20.000 especies de abejas, de Estíbaliz Urresola

20.000 especies de abejas, de Estíbaliz Urresola

20.000 especies de abejas, de Estíbaliz Urresola

No es fácil hablar de las infancias trans. Y más aún en este momento, a la sombra de los debates surgidos en torno a la nueva Ley Trans y el derecho a la autodeterminación. Se corre el riesgo cuando se construye una narrativa en torno a la realidad de la infancia trans de convertirlo todo en un ejercicio violento de fetichización y deshumanización, o en una palmadita en la propia espalda, una afirmación de lo consciente y moderna que es una. Saber contar con delicadeza, sin caer en la afectación, una historia sobre el despertar infantil de la identidad de género y la consciencia de que somos percibidos por aquellos que nos rodean es una labor de artesanía. Aventurarse en esto como primer largometraje, competir por el Oso de Oro en la Berlinale, y volver a casa con una actriz premiada es una hazaña.

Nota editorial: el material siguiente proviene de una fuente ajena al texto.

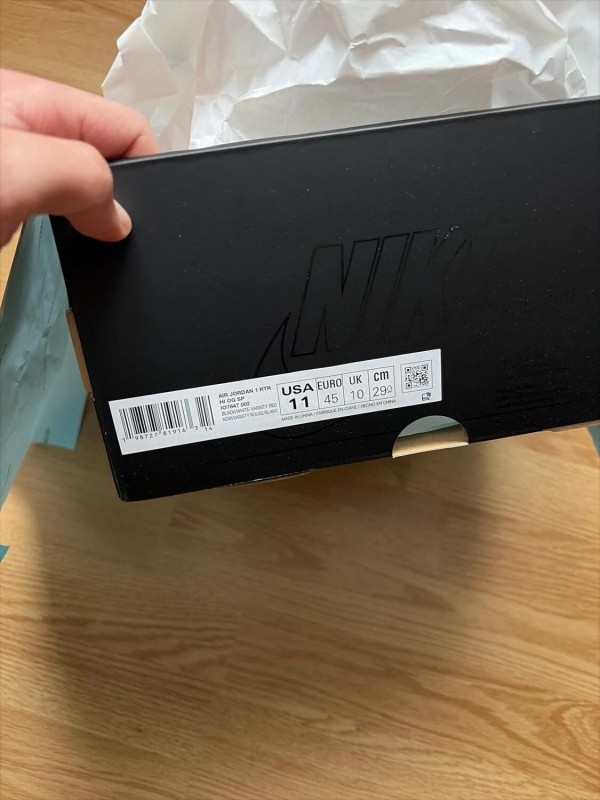 Nike air jordan 1 high union x fragment 2
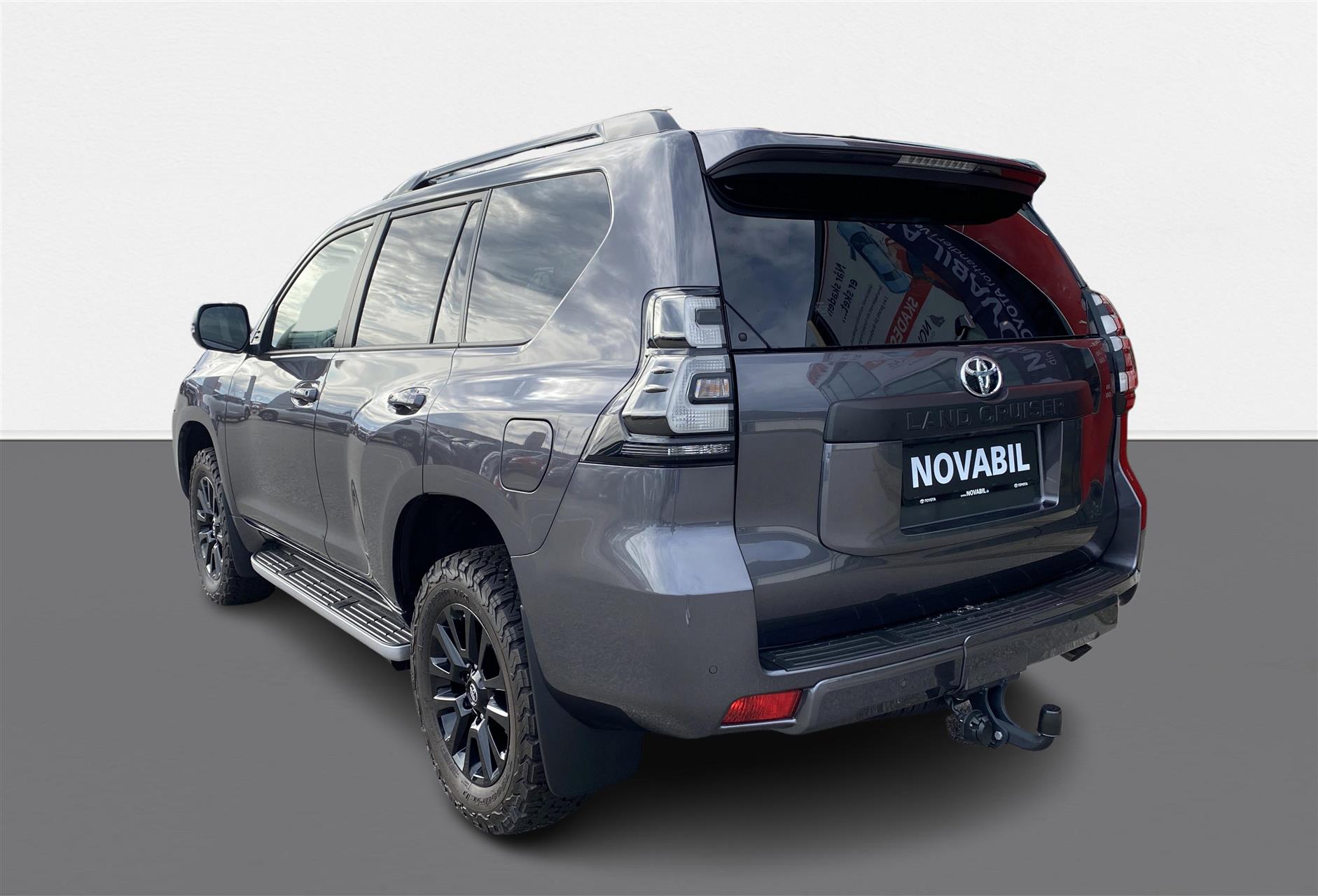 Billede af Toyota Landcruiser 5 pers. 2,8 D-4D T4 4WD 204HK 5d 6g Aut.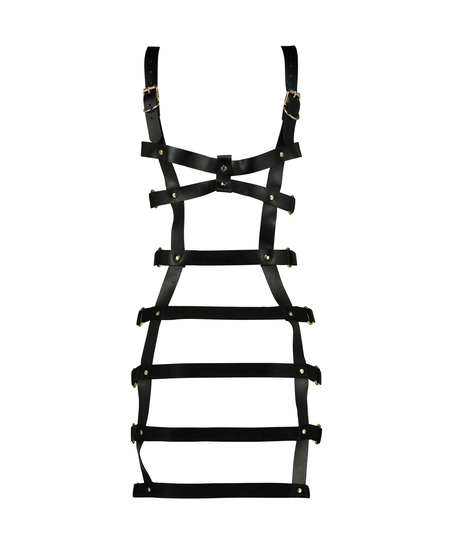 Private stropbodydress, sort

20.000 especies de abejas, de Estíbaliz Urresola, habla de Lucía (Sofía Otero), y de cómo el mundo que la rodea ha de cambiar para adaptar sus mecánicas al hecho innegable de que no solo es una niña, sino que además ha encontrado por fin las palabras para manifestarlo. Lo que la convierte en una película brillante es la capacidad de la directora para recordarnos que la experiencia de Lucía no es un caso extraordinario, sino que se desarrolla de forma paralela a todos los pequeños procesos personales de las mujeres de su familia.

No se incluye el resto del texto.